Currently the only thing I don’t like is the creating of new carts is hidden away behind the “Open Cart” button. I’d much rather see a dedicated button for this in the main UI.

Conclusion

The commerce products are a great suite of products and there’s so much you can do. There are a few issues with the older parts but Episerver are fixing these and re-writing core areas all the time so this is only going to get better.

In the next blog post I’ll break down the core features of Commerce mentioned above in to some more detail.

Part 2: https://world.episerver.com/blogs/scott-reed/dates/2019/3/episerver-commerce-a-developer-view-part-2/

Feb 22, 2019

Comments

Henrik Fransas
Henrik Fransas Feb 22, 2019 01:48 PM

Thanks Scott, I was just thinking about writing a simular blog serie on learning Commerce since I am sitting and trying to do just that now...

This will help during the learning process!

Feb 22, 2019 02:36 PM

Thanks, I've posted the my full talk on my LinkedIn so if you want to get to the meat of the series, the developer tips check that out.

Bob Bolt
Bob Bolt Feb 22, 2019 05:35 PM

Scott, Can you provide a link to your LinkedIn video?

Luc Gosso (MVP)
Luc Gosso (MVP) Feb 26, 2019 09:37 AM

Thanks for sharing Scott! on slide 24 "database", you state "Consider direct database work for importing bypassing APIs"

Thought that was a big "NO NO", will you blog about it? interested in what parts you referencing to and example.

I believe that is a parts where partners get it wrong and build it wrong usually.

Mar 12, 2019 12:40 PM

So Luc, the database importing directly, personally when we build our import mechanism for a recently client we built it using scheduled jobs and the standard IContentRepository.
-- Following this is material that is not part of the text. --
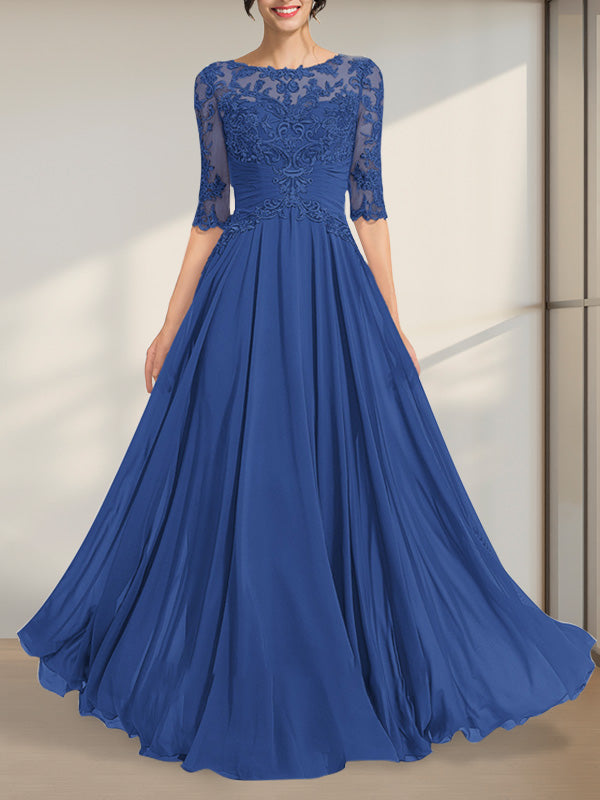 A-Linien-Kleid mit Illusion-Ausschnitt, bodenlang, aus Chiffon und Spitze, mit plissierten Pailletten und V-Ausschnitt für die Mutter der Braut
This worked as expected but it was very slow as we had on a fresh import around 50k total nodes, products and variants.

It was so slow in fact in the DXC that the job would crash overnight, something I thought was down to the autoheal policty in Azure but after turning it off I think it's just due to the thread running so long. I had to in the end re-work it to allow it to resume when crashed which was no ideal.
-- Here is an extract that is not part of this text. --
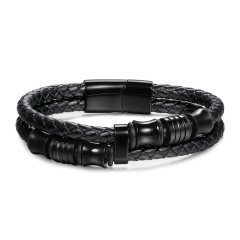 Мужской кожаный браслет со вставками из стали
Personally I have a decade of SQL experience and have built complex systems in SQL with agent jobs and such. I understand that writing against the database will have issues with schema changes however I think as long as you know what you are doing you can mitigate these issues and writing for example a C# agent job that can process and import everything directly within the database or a tool that can do it would have been vastly more efficient and we could have done more clever bulk importing techniques. I think really it depends on the data size but if you're importing such a massive amount of data you obviously have to start exploring other techniques.